#### Exercise instructions:
The lines to copy are those with "that" in them. Pull each one from the entries below.

#### Extracted material:
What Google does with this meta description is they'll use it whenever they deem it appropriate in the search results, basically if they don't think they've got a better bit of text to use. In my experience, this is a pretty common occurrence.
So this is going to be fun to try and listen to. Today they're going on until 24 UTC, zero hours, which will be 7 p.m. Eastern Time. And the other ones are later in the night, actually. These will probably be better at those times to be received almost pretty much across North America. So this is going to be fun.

---

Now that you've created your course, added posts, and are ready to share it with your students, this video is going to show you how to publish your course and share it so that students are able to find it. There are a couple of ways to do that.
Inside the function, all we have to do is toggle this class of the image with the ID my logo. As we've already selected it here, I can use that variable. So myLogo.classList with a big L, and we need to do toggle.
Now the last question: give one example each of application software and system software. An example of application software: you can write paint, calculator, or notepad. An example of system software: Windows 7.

#### Output for this exercise:
Now that you've created your course, added posts, and are ready to share it with your students, this video is going to show you how to publish your course and share it so that students are able to find it. There are a couple of ways to do that.
Inside the function, all we have to do is toggle this class of the image with the ID my logo. As we've already selected it here, I can use that variable. So myLogo.classList with a big L, and we need to do toggle.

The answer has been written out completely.